Closing Market Report

Star-Bulletin news services

Thursday, November 15, 2001

Stocks mixed following
poor economic outlook

By Amy Baldwin
Associated Press

NEW YORK >> Confident of an economic turnaround in 2002, investors bid blue chips higher today for the third straight session. But a scaled-down outlook for the U.S. economy limited the advance, and profit taking caused a dip in tech stocks.

Today's mixture of modest gains and slim losses was understandable given how Wall Street has been rallying for weeks.

Investors are growing more optimistic that the economy will recover next year and that the United States has been successful in its retaliation in Afghanistan for the Sept. 11 terrorist attacks. But analysts have said the market's upward moves are vulnerable until the turnaround becomes more apparent.

The Dow Jones industrial average closed up 48.78, or 0.5 percent, at 9,872.39, according to preliminary calculations. The Dow has gained 318 points in its three-day advance and is approaching 10,0000, a level that has eluded the blue chip index since Sept. 5, when it closed at 10,033.27.

The broader market was mixed after advancing earlier. The Nasdaq composite index fell 2.60, or 0.1 percent, to 1,900.59, and the Standard & Poor's 500 index rose 1.05, or 0.1 percent, to 1,142.26.

The Russell 2000 index, the barometer of smaller company stocks, fell 3.43, or 0.8 percent, to 449.39. The NYSE composite index rose 0.31 to 579.59. The American Stock Exchange composite index fell 21.88 to 796.72.

Declining issues barely outnumbered advancers 16 to 15 on the New York Stock Exchange, with 1,647 falling, 1,501 rising and 202 unchanged. Volume came to 1.45 billion shares, compared with the 1.43 billion traded yesterday.

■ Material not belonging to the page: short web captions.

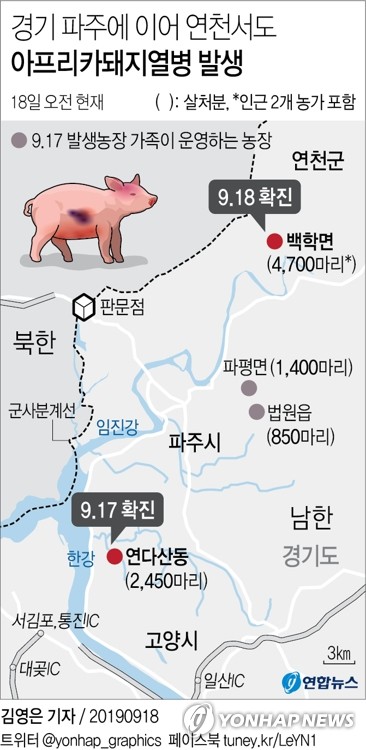 돼지열병 확산에 매뉴얼보다 강한 방역…"3㎞내 예방적 살처분"(종합)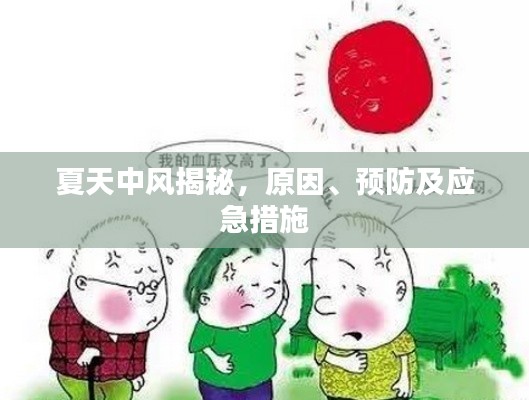 夏天中風(fēng)揭秘，原因、預(yù)防及應(yīng)急措施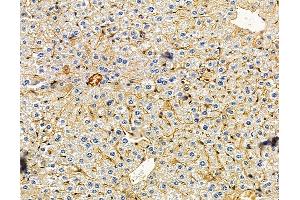 ABIN7096034 and ABIN7100096 at 1/100 staining mouse liver tissue by IHC-P.
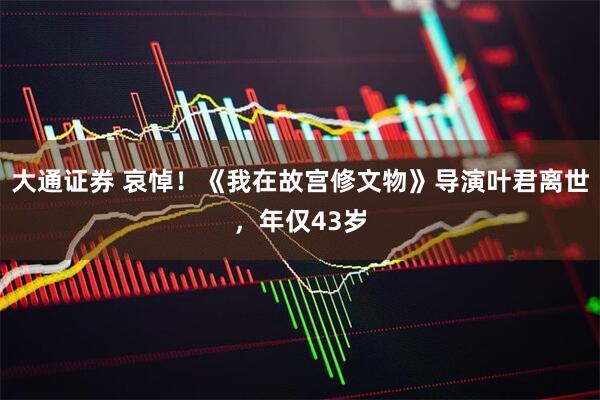 大通证券 哀悼！《我在故宫修文物》导演叶君离世，年仅43岁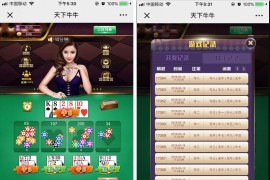 天下牛牛完整运营版 H5百人牛牛棋牌源码 界面清新 控制类似H5龙虎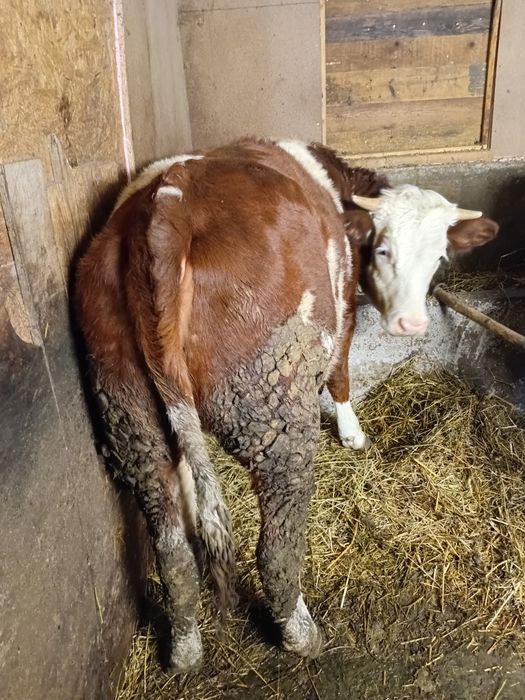 Vind vitea baltata de 1 an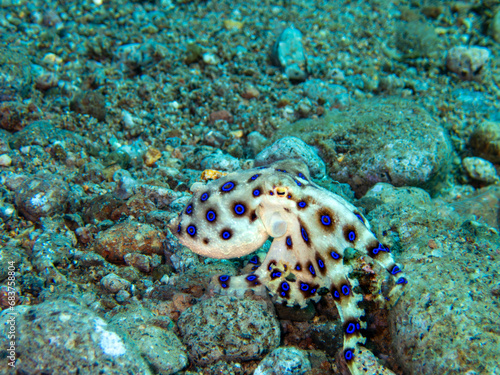 Blue ring octopus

The price of the Treasury's 10-year note fell 2 /32 to 101 17/32, while its yield rose 26 basis points to 4.800. The price of the 30-year note fell 3 12/32 to 101 29/32, with its yield rising 22 basis points to 5.245. The price of the 2-year note fell 17/32 to 99 17/32, with its yield rising 29 basis points to 2.998.

Analysts have been expecting investors to curtail their buying or to secure recent profits, particularly when reminded of the weak economy; that was the case today when the International Monetary Fund downgraded its outlook for the U.S. growth.

Updating its economic forecast to reflect the business fallout resulting from the terrorist attacks, the IMF lowered its estimate of U.S. growth in 2002 to just 0.7 percent. That would be the weakest performance since the end of the last recession in 1991.

Just a month ago, the IMF forecast a more respectable 2.2 percent rate.

Still, analysts weren't bothered by the IMF's downgrade.

"They are probably lagging in their process. The market looks ahead, and I think those were thoughts that reflect the past and current situations as opposed to the future," said A.C. Moore, chief investment strategist for Dunvegan Associates in Santa Barbara, Calif.

Moore said the market has risen on indications, such as stronger retail sales, that business is improving. The Commerce Department reported yesterday that October retail sales rose 7.1 percent, the biggest-ever monthly jump and a contrast to the 2.2 percent decline in September's sales.

Wall Street's winners came from a variety of blue-chip sectors Thursday. American Express rose 96 cents to $34.39, McDonald's gained 82 cents to $28.36 and Wal-Mart advanced 72 cents to $56.

Other companies rose on better-than-anticipated earnings results. Retailer Children's Place soared nearly 16 percent, up $4.33 at $32.14, after beating profit expectations by a 6 cents a share.

Analysts said the possibility of lower oil prices was another positive for the economy, and helped the market today. OPEC's most powerful member, Saudi Arabia, said the cartel would let crude prices fall if necessary as a way of pressuring outside producers into cooperating with its plan to cut output.